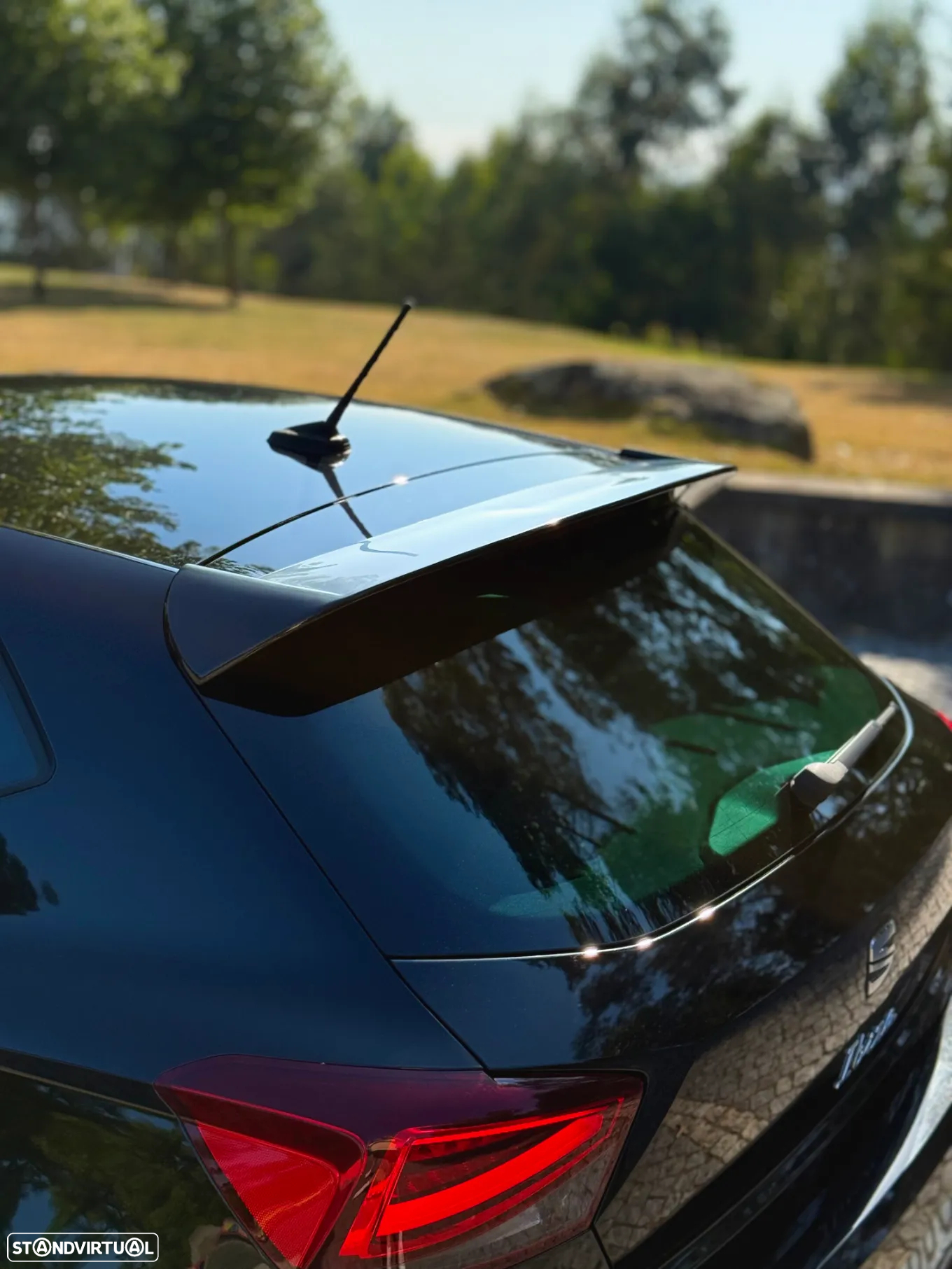 SEAT Ibiza 1.0 TSI FR - 19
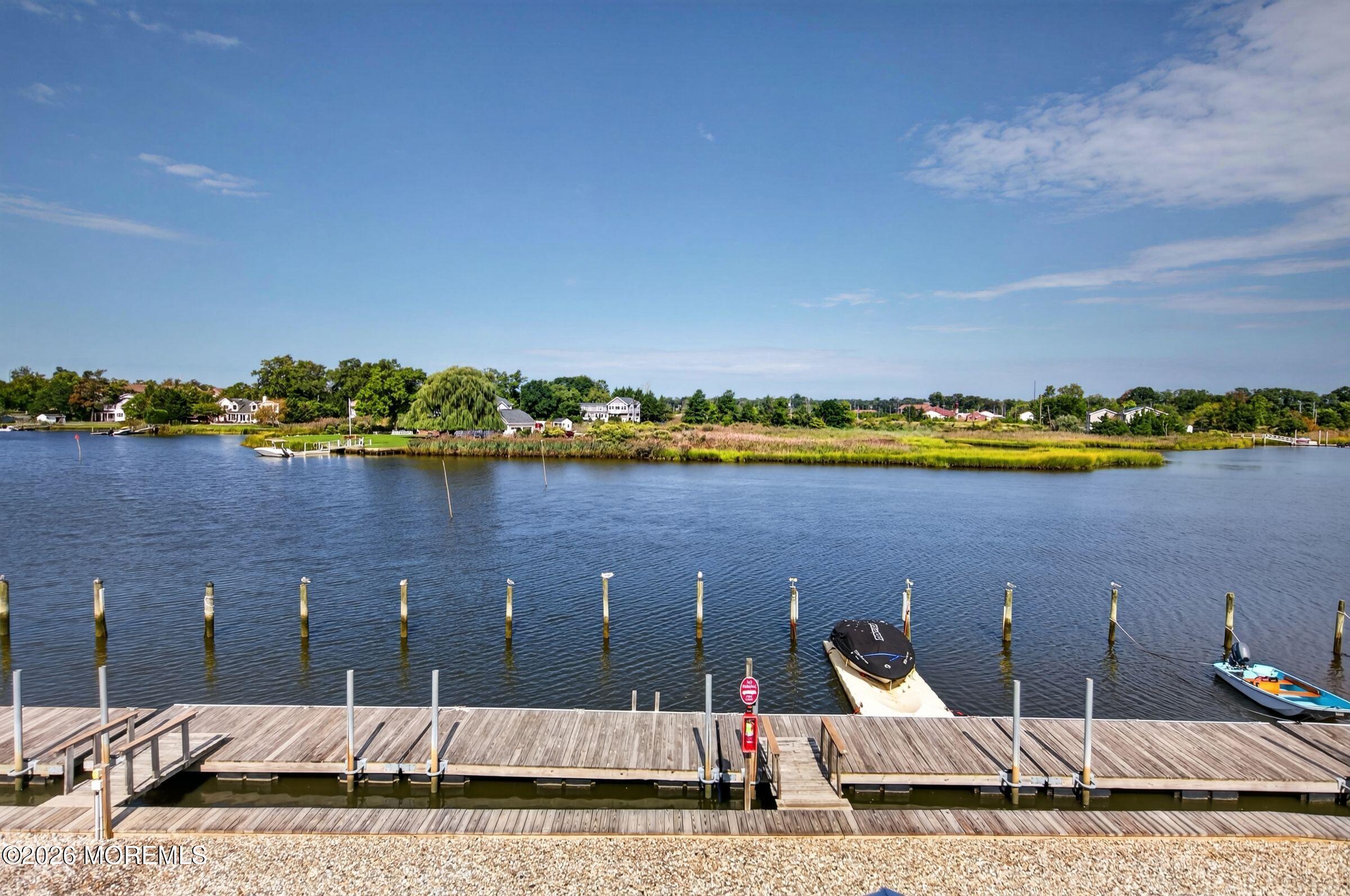9 Bridgewaters Drive Oceanport NJ 07757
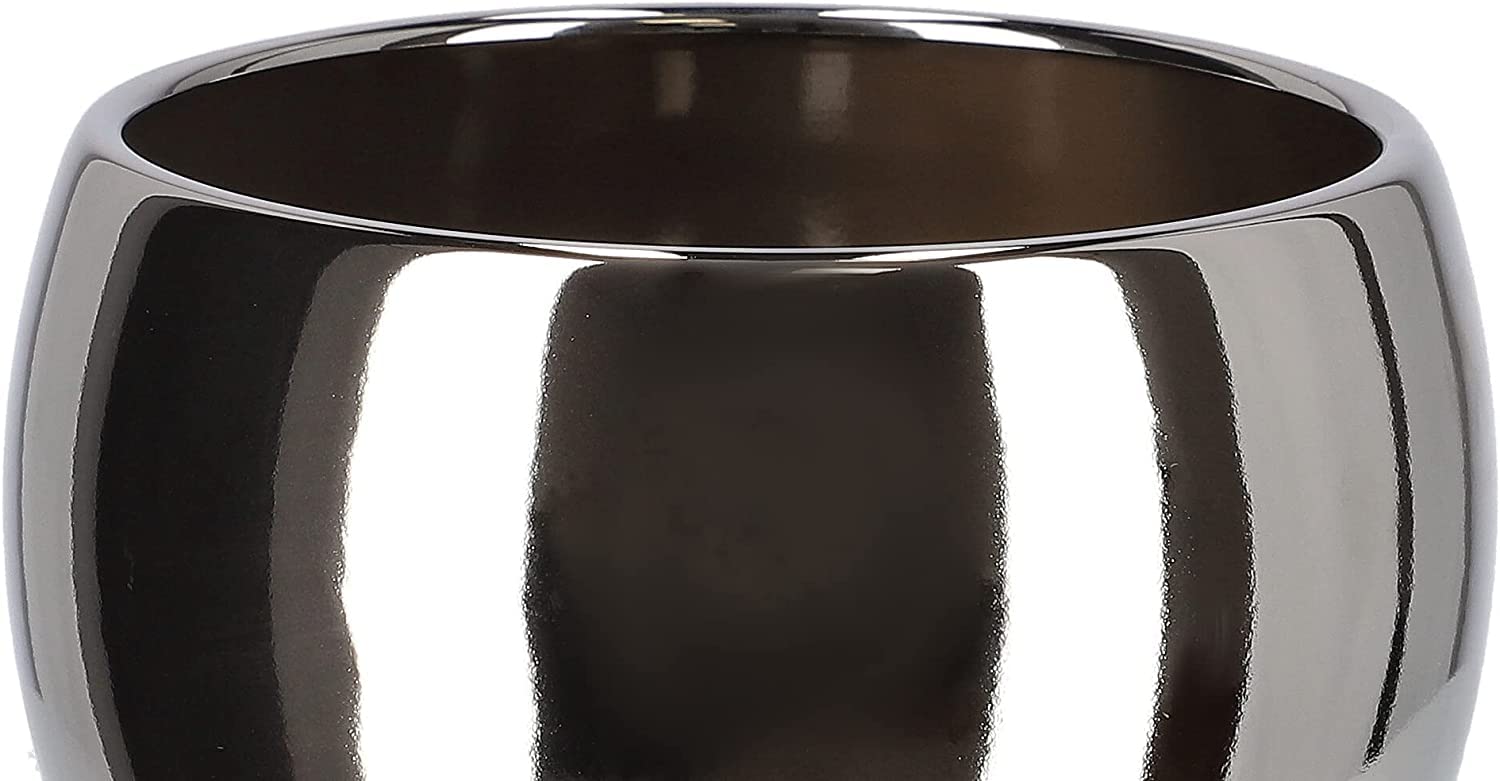 Doniczka donica fi10 osłonka ceramiczna na kwiaty - KOTARBAU - 6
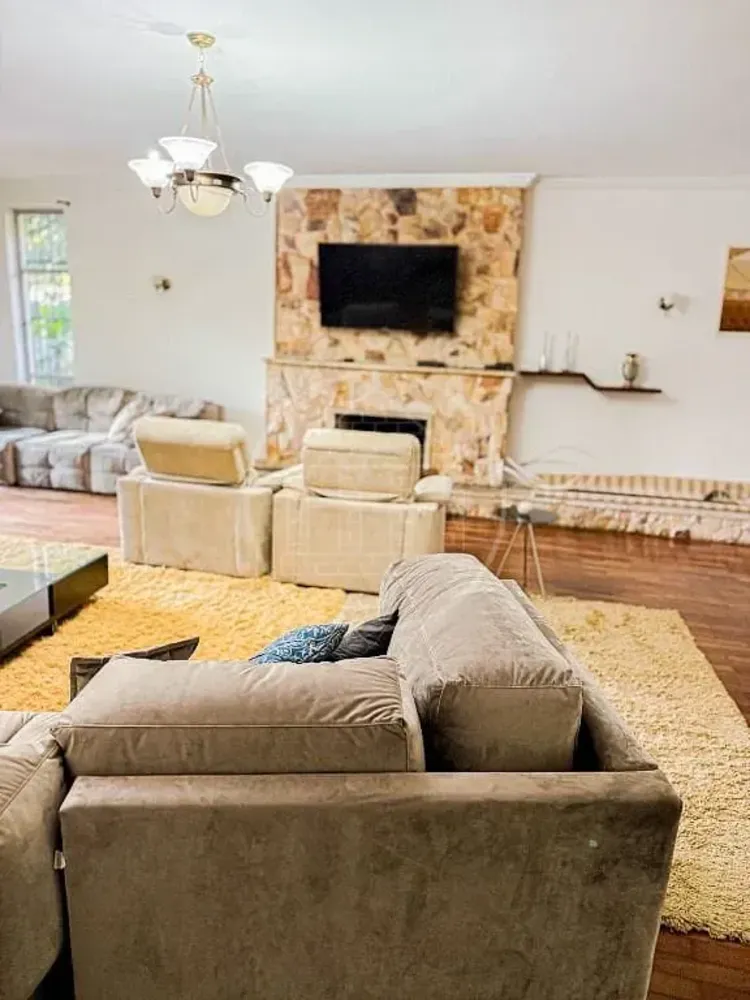 Casa, 3 quartos, 540 m² - Foto 14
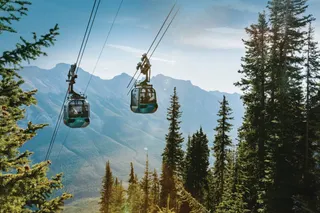 Banff Gondola Sunset Festival: What to Expect at the Summit This Summer
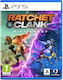 Ratchet & Clank: Rift Apart (με Ελληνικό Μενού/Υπότιτλους) PS5 Game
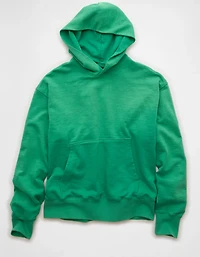 AE Relaxed Fit Lived-In Hoodie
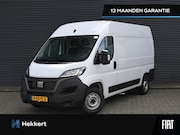 Fiat Ducato - L2H2 33 2.2 MultiJet 120pk 31KM! | CRUISE | DAB | 4SEIZOEN B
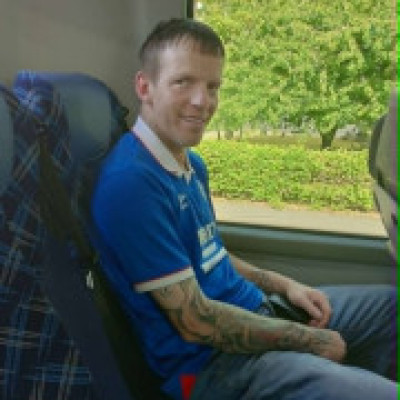 Profile picture of Johngers69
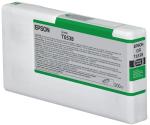 EPSON T653B atrament zelená 200ml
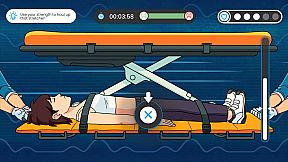 Neo Harbor Rescue Squad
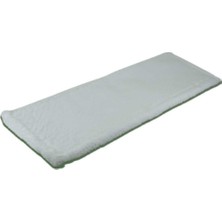 Euro Mop Peluş Mikrofiber Nemli Mop 25'li Paket 40CM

**YOUR INSTRUCTIONS**. Exclude the pictures, then retype every record exactly.

**EXERCISE OUTPUT**.
 SEAT Ibiza 1.0 TSI FR - 19
9 Bridgewaters Drive Oceanport NJ 07757
 Doniczka donica fi10 osłonka ceramiczna na kwiaty - KOTARBAU - 6
 Casa, 3 quartos, 540 m² - Foto 14
 Banff Gondola Sunset Festival: What to Expect at the Summit This Summer
 Ratchet & Clank: Rift Apart (με Ελληνικό Μενού/Υπότιτλους) PS5 Game
 AE Relaxed Fit Lived-In Hoodie
 Fiat Ducato - L2H2 33 2.2 MultiJet 120pk 31KM! | CRUISE | DAB | 4SEIZOEN B
 Profile picture of Johngers69
 EPSON T653B atrament zelená 200ml
 Neo Harbor Rescue Squad
 Euro Mop Peluş Mikrofiber Nemli Mop 25'li Paket 40CM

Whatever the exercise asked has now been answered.